Okay, so...I have a problem with the sub-section of Calculus described above. We have a test tomorrow, but this was only assigned today. I understand, basically, all that we've done before, though.

The instructions are:

Find an equation for the tangent to the graph of y at the indicated point.

1. y = arcsecant(x), x=2

My process:

First, obviously, I found the derivative of the equation and got: y' = 1/(1 + x^2). At two, the slope is 1.

Then, as I remember, I should plug two into the original equation to get the value of "y" at x=2. Theoretically, if I remember correctly, that should give me enough information to finish my problem. However that's where I hit my wall.

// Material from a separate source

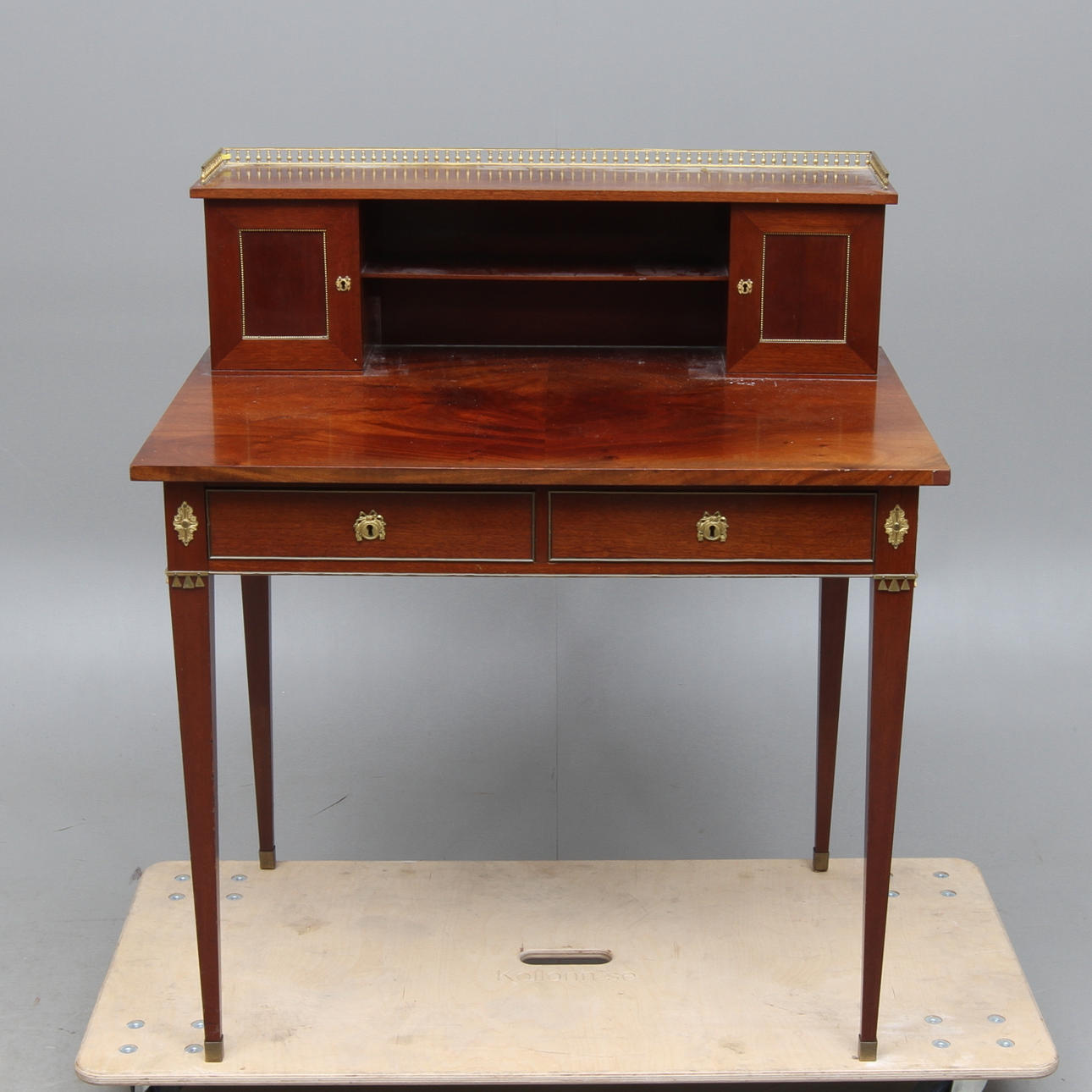 DAMSKRIVBORD, gustaviansk stil, 1900-tal.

I got: y(2) = arcsecant (2) and froze. My calculator gives me an "Error: Domain" message when I try to plug it in and I don't know how to figure it out from the unit circle. Everything I know involves pi in some way or another.

Also, another thing that confused me--though it just may be that the form is unfamiliar to me--was in another problem when the instructions said:

Find f^(-1) and (f^(-1)).

The equation is: f(x) = cosx + 3x

I'm not sure what that means. Do I just write out the reciprocal of that equation for the first part and then find find the derivative of that for the second?

f^(-1) is the inverse of the function. Do you remember how to find the inverse of a function? For an equation like f(x)=cosx+3x, you would solve for x. Do you have to take the derivative of the inverse? You could just take the derivative of the function, then solve for x. I think I repeated myself over and over again. Sorry.

As for the arcsecant problem...

When you find the derivative of the arcsecant, you end up with the equation of the slope. So you would plug the 2 into the derivative to find the slope, not into the original equation.

"If electricity comes from electrons, does morality come from morons?"

For the arcsecant problem, I know that you're supposed to plug two into the derivative to find the slope, but...in order to figure out the equation of the tangent line, aren't you supposed to figure out what y equals as well?

Or...am I overthinking something?

...

Yeah, it's kinda sad. It's been, like, a week and I still need help on the same problem. ><;

First of all, at x=2, i think the slope would be 1/5, not 1. But yeah, you'll need to get the arcsec of 2, but I forgot how...

Actually, I realized just now that I did something incredibly moronic on my part. When I was writing out the equation, I used the derivative formula for arctangent instead of arcsecant. If I had used the correct formula, the slope would have been 1/(2sqrt(3)).

And also, I finally gathered up the courage/time to ask my teacher what I should have done and he explained it to me. It had something to do with unit circles from pre-calculus. I don't really understand it, but I think I've memorized the steps enough..

Anyway, thank you everyone for your help.